Start of EXTRACTED DATA
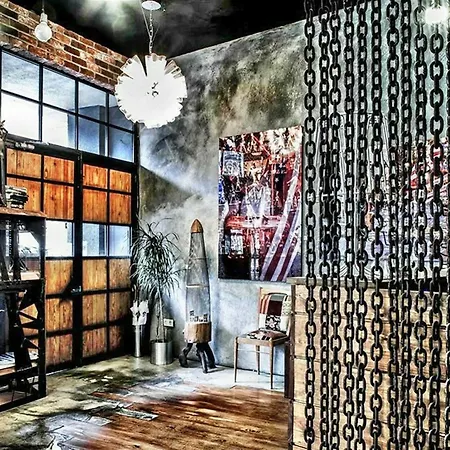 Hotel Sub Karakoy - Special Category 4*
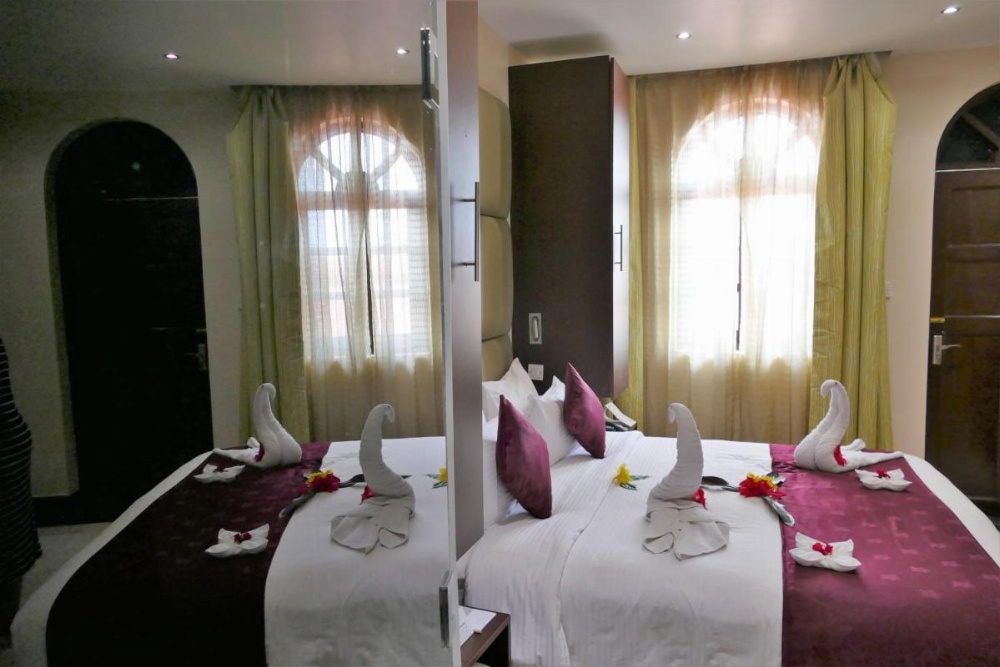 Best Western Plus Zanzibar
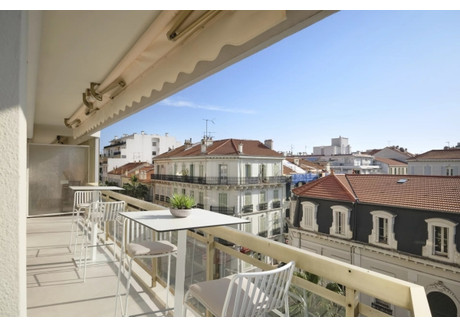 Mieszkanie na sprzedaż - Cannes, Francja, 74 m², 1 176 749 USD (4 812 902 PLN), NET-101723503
End of EXTRACTED DATA
Start of EXTRACTED DATA
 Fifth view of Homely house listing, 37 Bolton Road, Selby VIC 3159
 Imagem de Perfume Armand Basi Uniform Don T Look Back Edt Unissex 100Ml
End of EXTRACTED DATA
> **ASSIGNMENT**:
Beginning at the line with "Fifth view of" and ending at the line with "Imagem de Perfume", reproduce each line of the data above exactly, and add no other lines.

> **OUTPUT FOR THIS EXERCISE**:
 Fifth view of Homely house listing, 37 Bolton Road, Selby VIC 3159
 Imagem de Perfume Armand Basi Uniform Don T Look Back Edt Unissex 100Ml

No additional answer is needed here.